まず今更言う必要など無いが、当然彼は批判されるし、されてしかるべきだろう。DNAとかミトコンドリアはそんな歴史を記憶していない。そして、おそらく正しいバランスを取り戻すため、保守的に考えれば少し急進的にすぎると思えるだろう運動を、怨念と表現したのは不適切極まりない。
(まぁ、徹底的に批判する方は多くいるだろうし、本人も不適切だったと認めているので、これ以上、このような発言を強く責める気になれない私は、せいぜい反面教師にするぐらいだが)

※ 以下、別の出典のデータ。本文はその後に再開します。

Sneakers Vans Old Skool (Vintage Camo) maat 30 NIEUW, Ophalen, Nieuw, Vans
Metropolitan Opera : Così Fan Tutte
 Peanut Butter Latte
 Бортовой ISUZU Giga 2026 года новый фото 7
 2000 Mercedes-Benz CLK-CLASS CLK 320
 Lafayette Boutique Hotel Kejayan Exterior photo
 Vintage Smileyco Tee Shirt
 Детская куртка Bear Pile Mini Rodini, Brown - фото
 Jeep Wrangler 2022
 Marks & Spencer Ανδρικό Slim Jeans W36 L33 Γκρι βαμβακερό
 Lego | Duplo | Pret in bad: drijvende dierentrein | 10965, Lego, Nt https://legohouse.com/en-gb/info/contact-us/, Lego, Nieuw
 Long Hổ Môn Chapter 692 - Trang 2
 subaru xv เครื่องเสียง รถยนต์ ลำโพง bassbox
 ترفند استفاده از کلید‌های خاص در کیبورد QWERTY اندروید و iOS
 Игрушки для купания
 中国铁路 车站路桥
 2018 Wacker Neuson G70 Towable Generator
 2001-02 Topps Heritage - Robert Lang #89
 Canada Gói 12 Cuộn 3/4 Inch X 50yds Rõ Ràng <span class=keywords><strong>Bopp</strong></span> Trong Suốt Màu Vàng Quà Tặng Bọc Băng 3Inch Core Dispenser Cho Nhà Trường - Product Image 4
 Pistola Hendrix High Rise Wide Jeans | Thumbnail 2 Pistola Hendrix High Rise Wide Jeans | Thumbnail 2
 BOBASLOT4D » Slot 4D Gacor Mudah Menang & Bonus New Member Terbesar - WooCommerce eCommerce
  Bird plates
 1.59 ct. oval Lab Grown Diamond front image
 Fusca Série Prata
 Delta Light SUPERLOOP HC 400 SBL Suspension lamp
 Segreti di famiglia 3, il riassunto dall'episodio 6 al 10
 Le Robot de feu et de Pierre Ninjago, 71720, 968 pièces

一方で、69歳の彼がなぜそんな発言をしてしまったのか、確証はないが、理由はわかる気がする。 女性が虐げられてきた歴史を、記憶しているのは、女性のDNAなどでは当然なく、彼が今まで生きてきた中で、触れてきた様様な創作物、書物、あるいは現実の報道、そしておそらく彼の人生体験で見てきた、聞いてきたもの、つまり彼自身の脳内記憶そのものである。
彼らの世代の、大人向け創作物=ファンタジーの中で、この手の表現=「男に虐げられた記憶が女性のDNAに刷り込まれている =(私の解釈では) 男に虐げられるのが女の性である」的なエロ表現をよく目にするし、(まぁ、低俗なエロと評価する人も多いだろうが)、現実世界においても、女性が虐げられてきた現実を、彼は本当にずっと見てきたのかもしれない。
つまり、男性は、長きにわたり明らかに女性を虐げてきて、それが娯楽物にも、現実にもあふれかえっており、「虐げられる記憶が女性のDNAに刷り込まれている」と、男が都合よく解釈してしまう、という現実である。
私が未成年への様様な性的コンテンツのゾーニングを、徹底すべきだと思うのも、(社会が公平になるのと同時に)このような勘違いを子供の時にメッセージとして受け取ってしまった男をこれ以上増やさないためである。
結局、横須賀市長は自らが、私達男が長きにわたって、女性を虐げてきたという事実を証明してみせたのだ。
大人が理解した上で楽しむべきである、ファンタジー、創作物での性にまつわる修辞表現を真に受ける、あるいは、そのファンタジーが現実であるかのように思ってしまい、それが普通に受け止められてきた、まさしく女性が男性に虐げられてきた社会であったということだろう。